Short text fragments from websites
····················

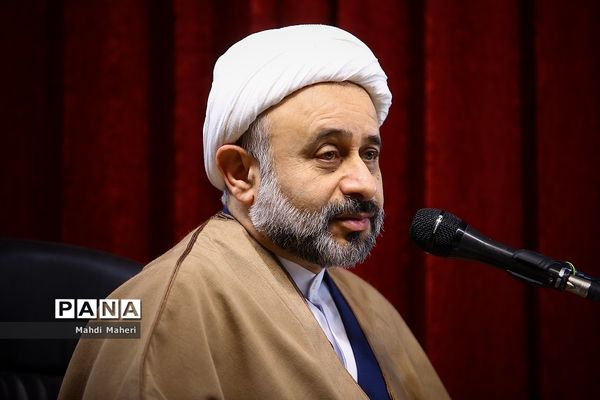 همایش تدبیر و امید در گام دوم اتقلاب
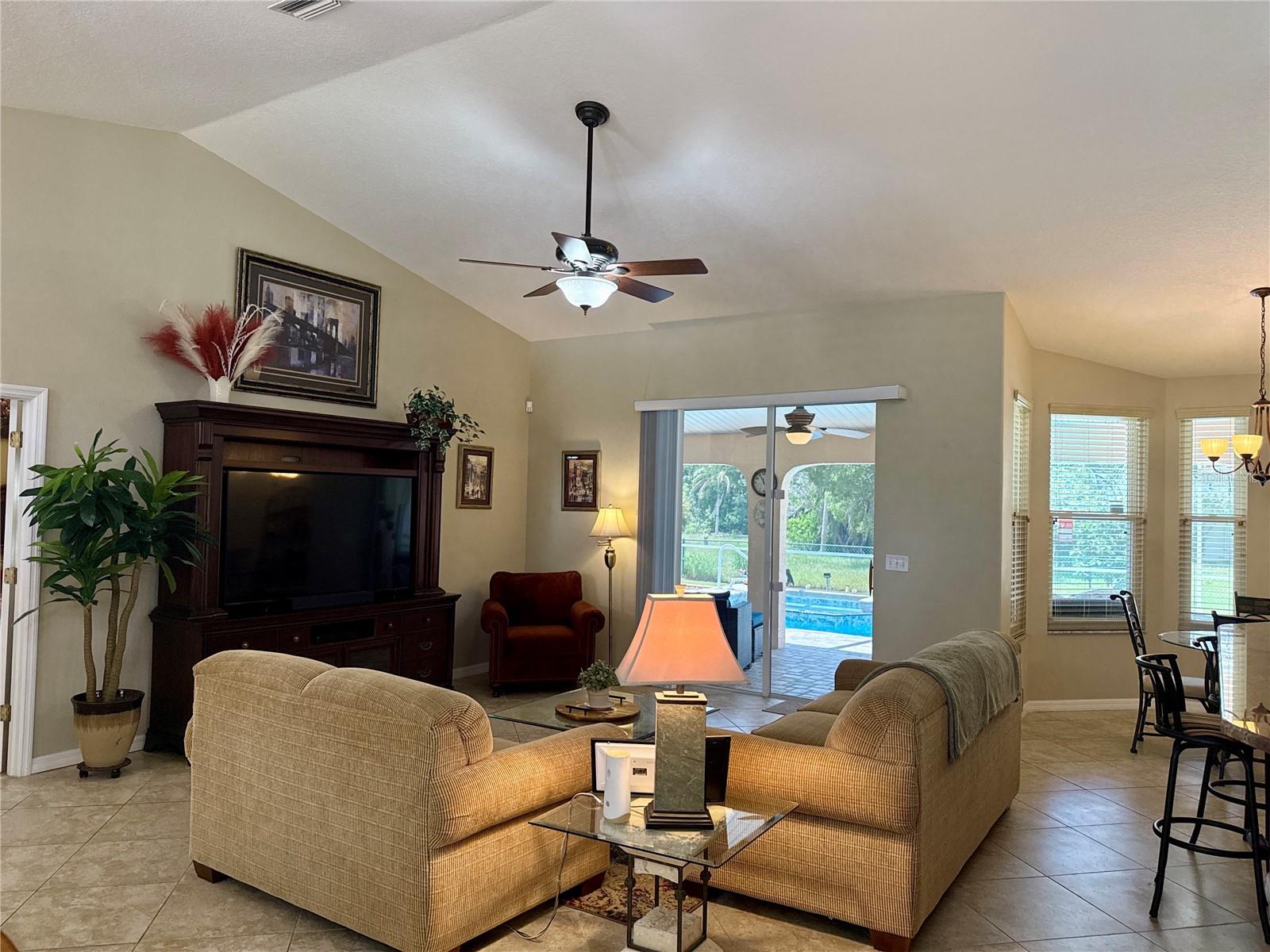 SEVEN HILLS - Residential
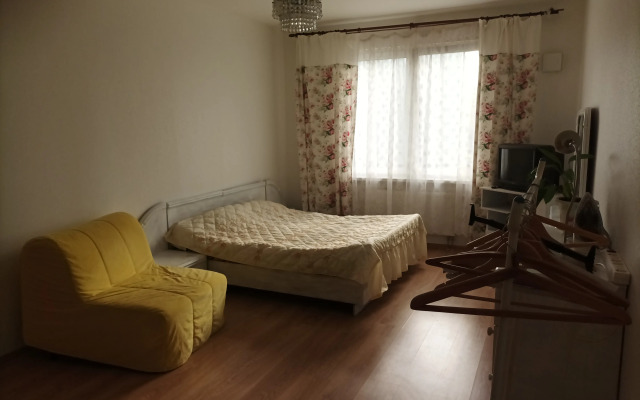 Zhilye u Metro Flat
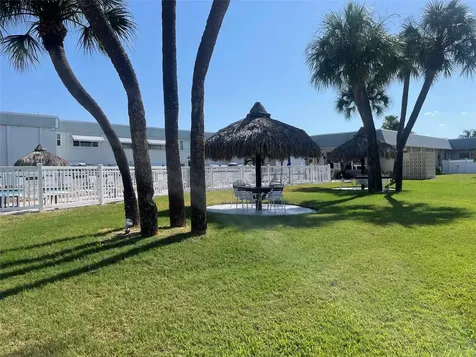 5287 81st Street N St Petersburg FL 33709
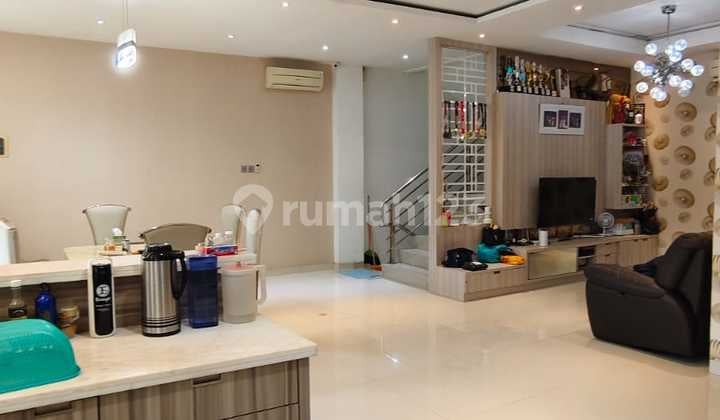 Jual Rumah Jembatan Lima Bagus 4 Lantai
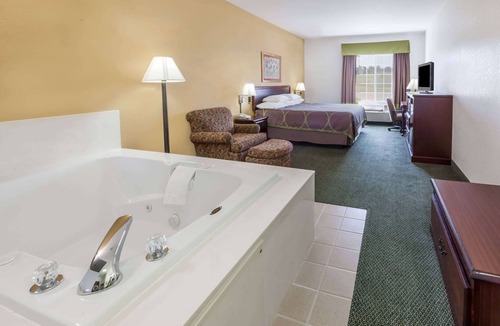 Hillsboro Hotel | Super 8 by Wyndham Hillsboro TX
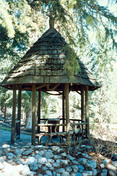 Vue de l'entrée du Pavillon d’observation rustique qui montre les balustrades décoratives entre les poteaux, 1997.; Parks Canada Agency / Agence Parcs Canada, 1997.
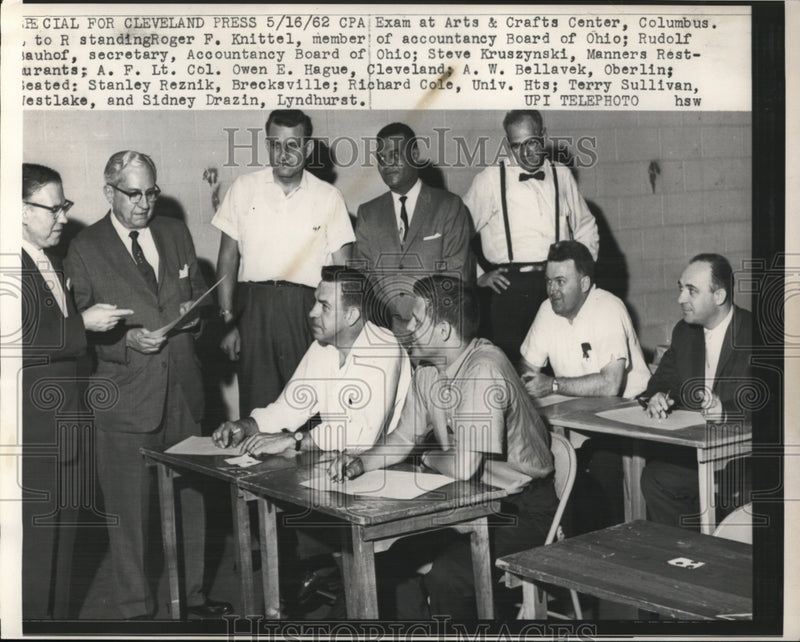 Load image into Gallery viewer, 1962 Press Photo Roger Knittel, Steve Kruszynski, Lt. Col. Owen Hauge, Bellavek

····················

**WHAT NEEDS TO BE DONE**
Only the lines from the line containing "5287 81st Street N St Petersburg FL 33709" through the last line of the entries above should be reproduced, word for word and without pictures.

**SOLUTION FOR THIS EXERCISE**
 5287 81st Street N St Petersburg FL 33709
 Jual Rumah Jembatan Lima Bagus 4 Lantai
 Hillsboro Hotel | Super 8 by Wyndham Hillsboro TX
 Vue de l'entrée du Pavillon d’observation rustique qui montre les balustrades décoratives entre les poteaux, 1997.; Parks Canada Agency / Agence Parcs Canada, 1997.
 Load image into Gallery viewer, 1962 Press Photo Roger Knittel, Steve Kruszynski, Lt. Col. Owen Hauge, Bellavek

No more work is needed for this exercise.